◆ EXERCISE PROMPT ◆
Could you transcribe every record below exactly, leaving out any pictures?

*** WORKING DATA ***

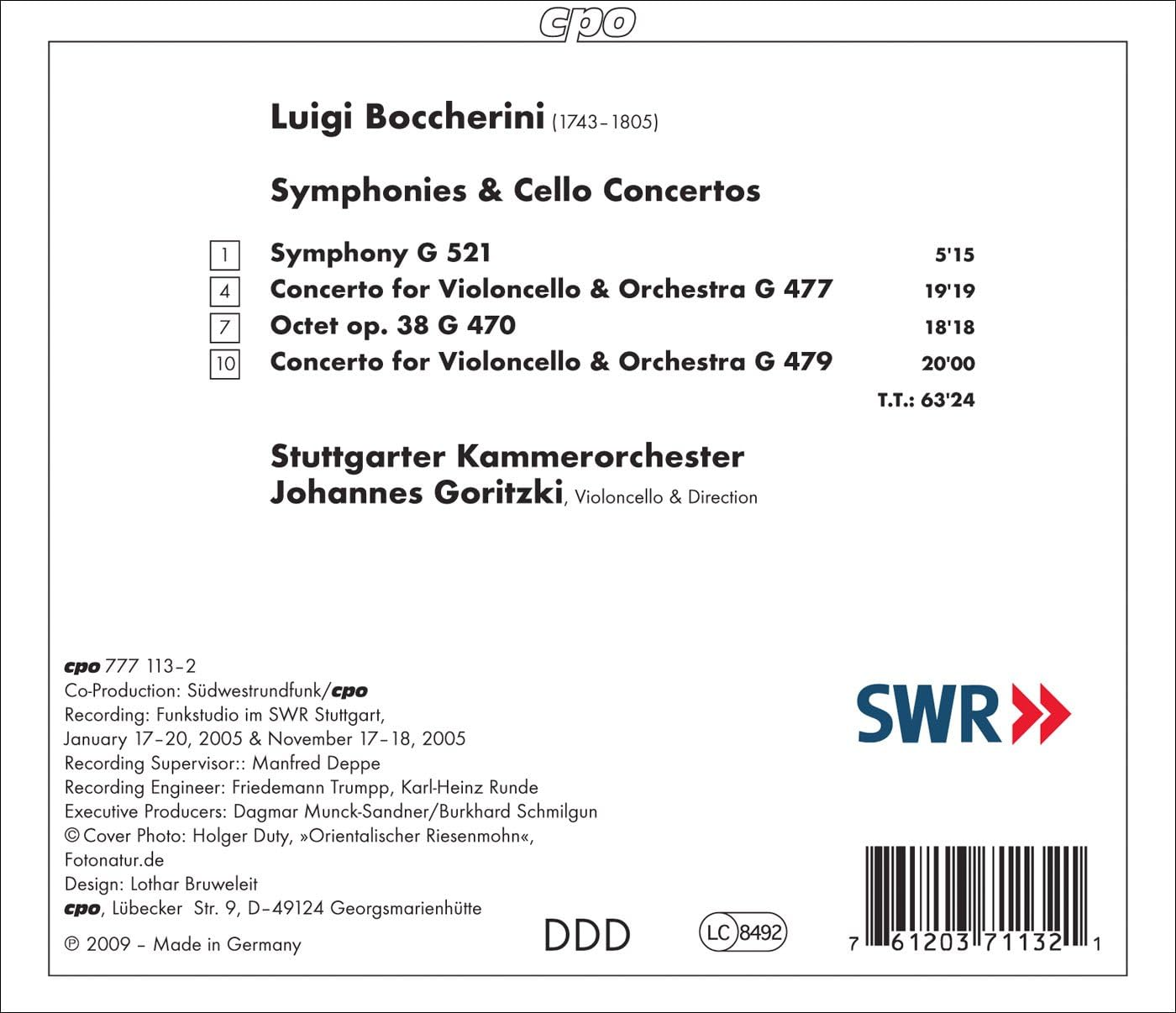 Symphonies Cello Concertos image number 2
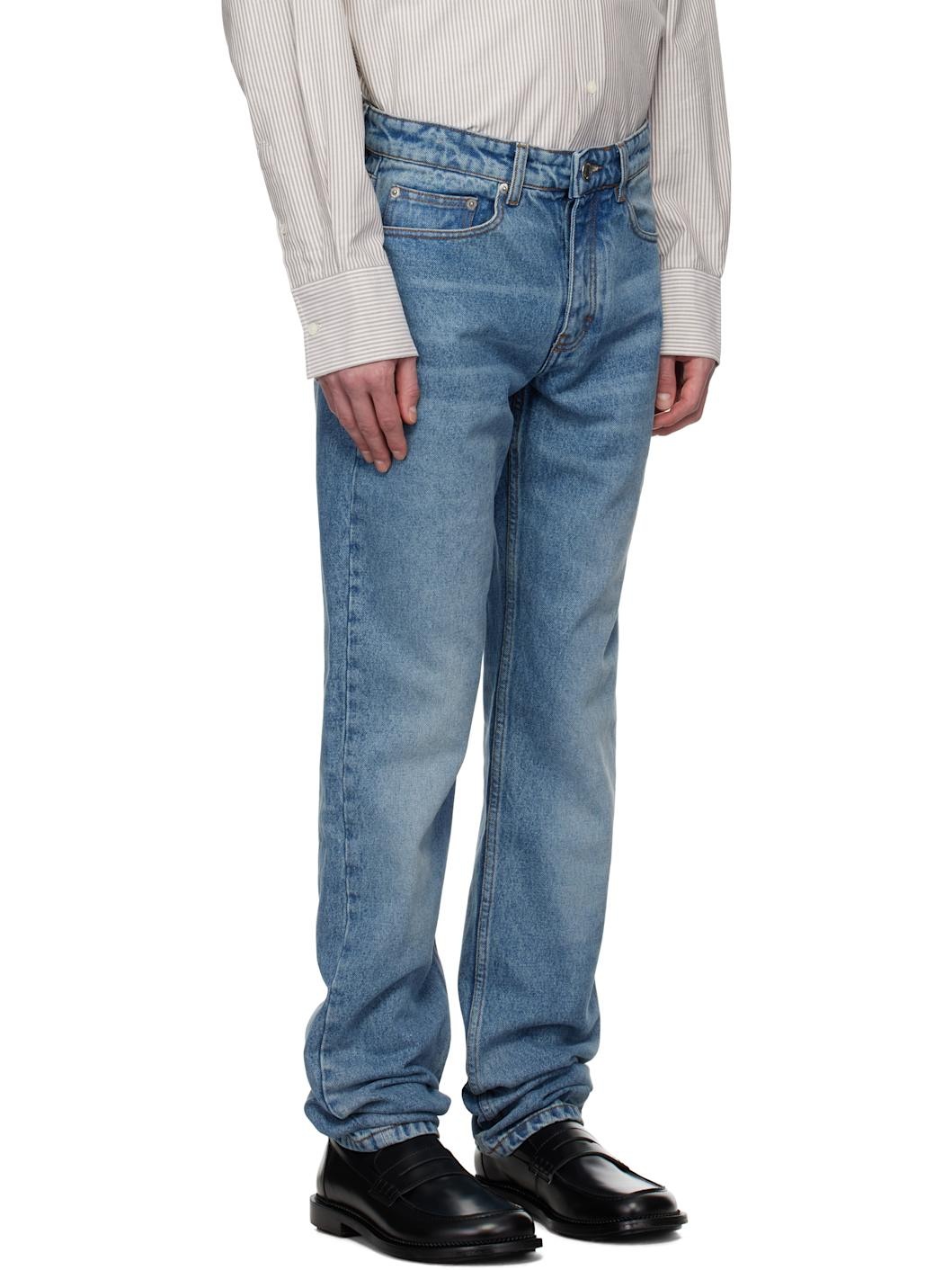 Blue Cotton Classic Fit Jeans - 2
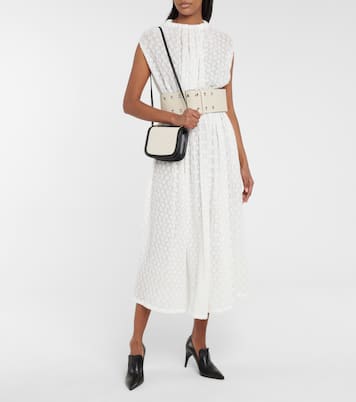 Robe midi en coton mélangé | Jil Sander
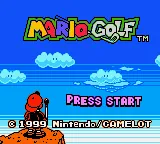 Mario Golf – Title screen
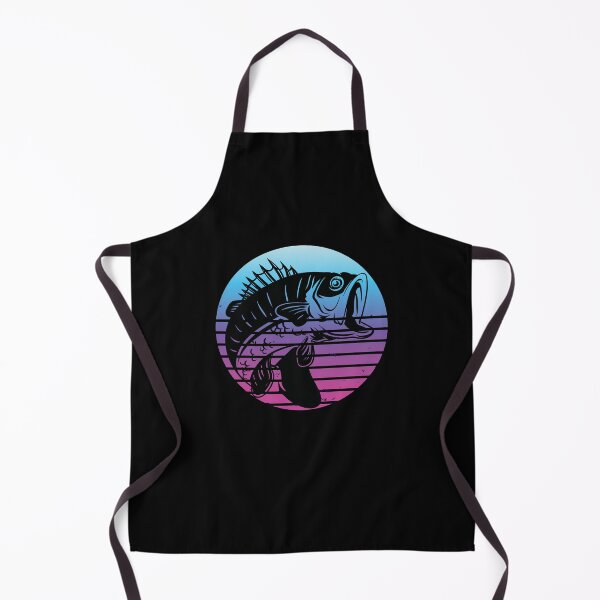 Item preview, Bass , Perch Fish Retro Sunset Design designed and sold by Zuepfelmuetzen.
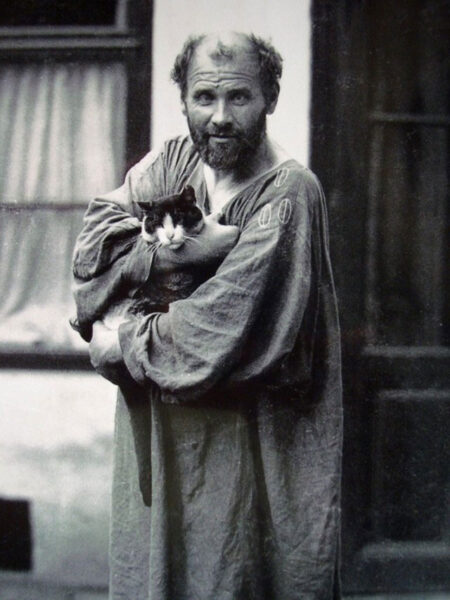 Gustav Klimt and a cat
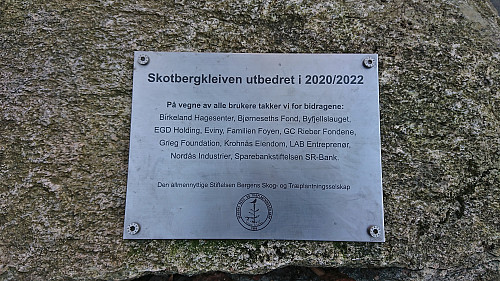 Information about the recent upgrade of Skotbergkleiven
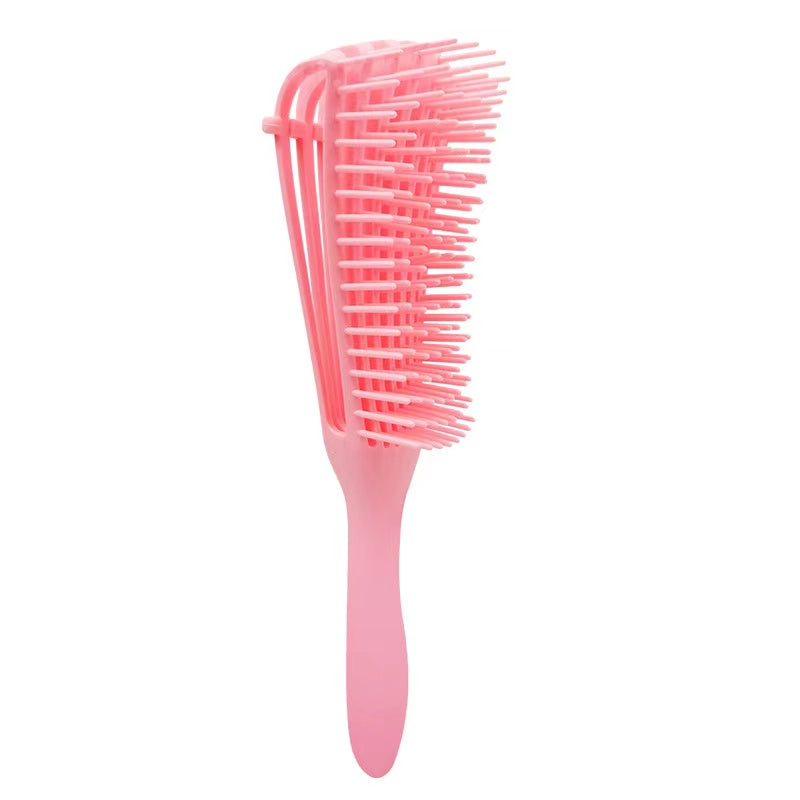 Pink Hair Brush Scalp Massage Detangle Hairbrush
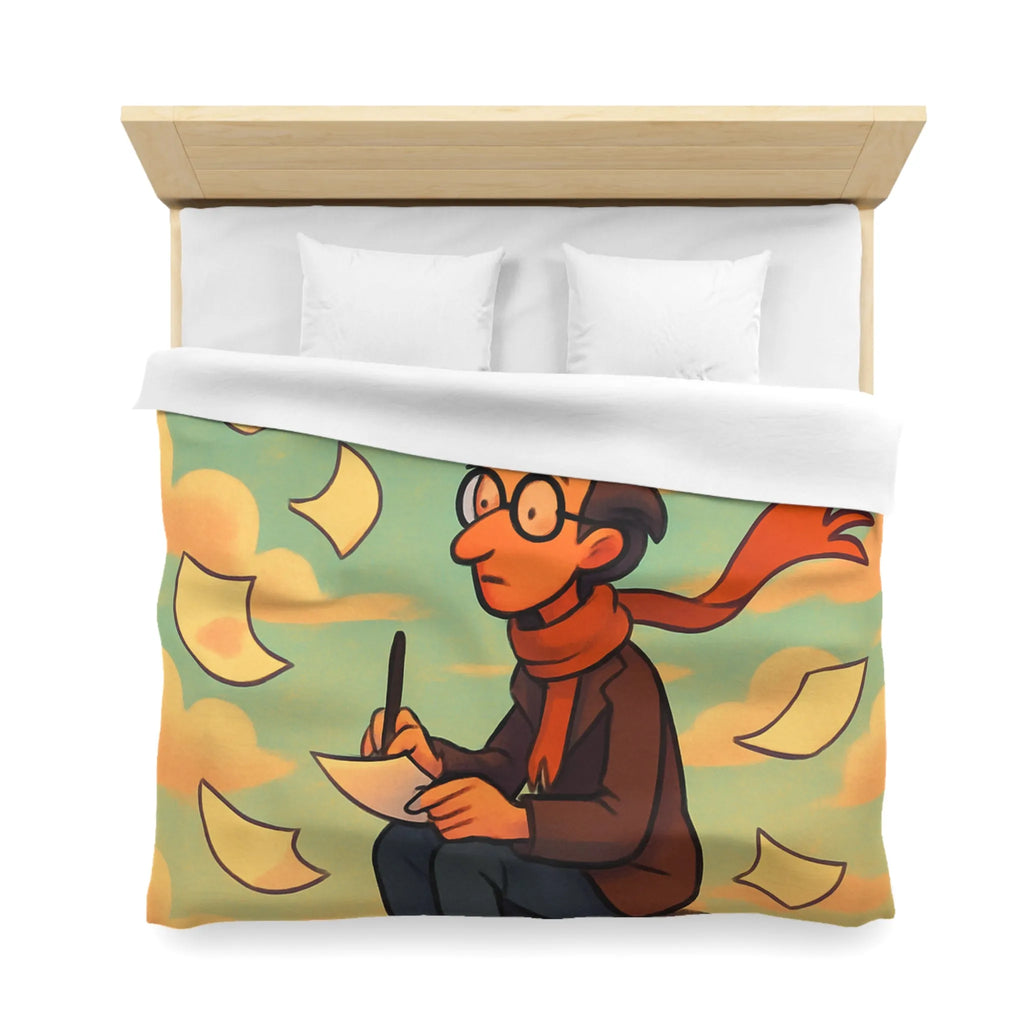 Housse de Couette Microfibre Art Graphique Contemporain Style Décoratif Chambre Tendance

*** End of WORKING DATA ***

◆ RESPONSE AREA ◆
 Symphonies Cello Concertos image number 2
 Blue Cotton Classic Fit Jeans - 2
 Robe midi en coton mélangé | Jil Sander
 Mario Golf – Title screen
 Item preview, Bass , Perch Fish Retro Sunset Design designed and sold by Zuepfelmuetzen.
 Gustav Klimt and a cat
 Information about the recent upgrade of Skotbergkleiven
 Pink Hair Brush Scalp Massage Detangle Hairbrush
 Housse de Couette Microfibre Art Graphique Contemporain Style Décoratif Chambre Tendance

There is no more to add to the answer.